Price capping from an economic perspective may have negative effects for the product. Low or no profit margin can hamper the innovation and research for the particular product and may also prove as a deterrent to companies introducing newer products.

Dr.Dasilva of Mahavir Hospital, Surat says “The price capping of medical equipment needs to be taken into consideration holistically. Price control will prevent companies from introducing new products as the price cap does not allow them to recover costs spent on research and development, marketing costs and various other costs. The cost of some implants was high which has come down to affordable levels and has benefitted patients. At the same time the hospitals had to increase the cost of procedures as their profit margin from the implants were impacted.” He further says the hospitals had to maintain inventory of the stents without earning any profit thereby increasing their inventory carrying cost. 5% of GST is levied on these essential products which could be waived off by the Government which could reduce costs, he added.

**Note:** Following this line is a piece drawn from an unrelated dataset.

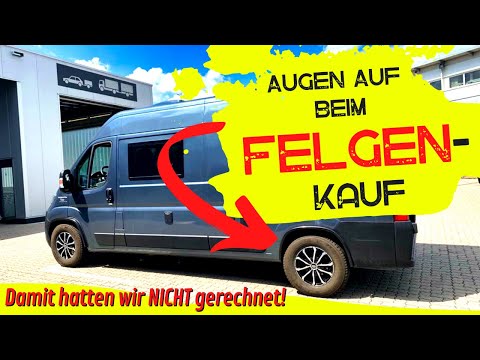 You MUST pay attention to this! | New rims for your motorhome | Fiat Ducato van | Clever Celebration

The Government had fixed the price ceiling in 2017 based on the landed cost of the devices. Since then the Indian rupee had depreciated substantially and inflationary trends has affected the margins of the imported devices further.

Mr. Pavan Choudary – Chairman and Director General MTaI says, “Run of the mill price capping, in our view, spawns unintended consequences and market distortions.” MTaI is of the opinion that cost of healthcare should come down through a widely-accepted methodology that does not hinder the market penetration of technology intensive, sophisticated medical devices.

MTal has been discussing with the government on such methodology, recommended originally by a Department Of Pharmaceuticals report, and later endorsed by Niti Aayog which is called Trade Margin Rationalisation (TMR). This approach can effectively address the issue of high margins in the healthcare space without hampering the efforts of MedTech companies at Healthcare Worker Training or their ability to bring in innovative products to the Indian patients. MTaI believes TMR should be done with Stockist as the first point of sale, as recommended in the Department of Pharmaceuticals’ report on high trade margins, to create a level-playing field for all players in the industry. Price capping without consideration of quality differences in medical devices will not encourage launching of technology intensive products, where the costs of development is high.

A blanket cap on prices of any medical device is not the solution for reducing the cost of healthcare as it may restrict the availability of quality medical devices to Indian patients. Such a move may send out the signal that years of research, development and innovation are not required irrespective of the added efficacy or safety they may bring.

Interestingly, it seems, India’s price-cap measures in coronary stents seems to be incentivising domestic stent makers who have lower costs than imported stents. India has also seen the entry of Chinese and German low-cost firms introducing their products in India who are fast capturing market share in reorganising Indian stents market. This move has inadvertently brought about disruption in the medical device industry which was previously dominated by a few brands.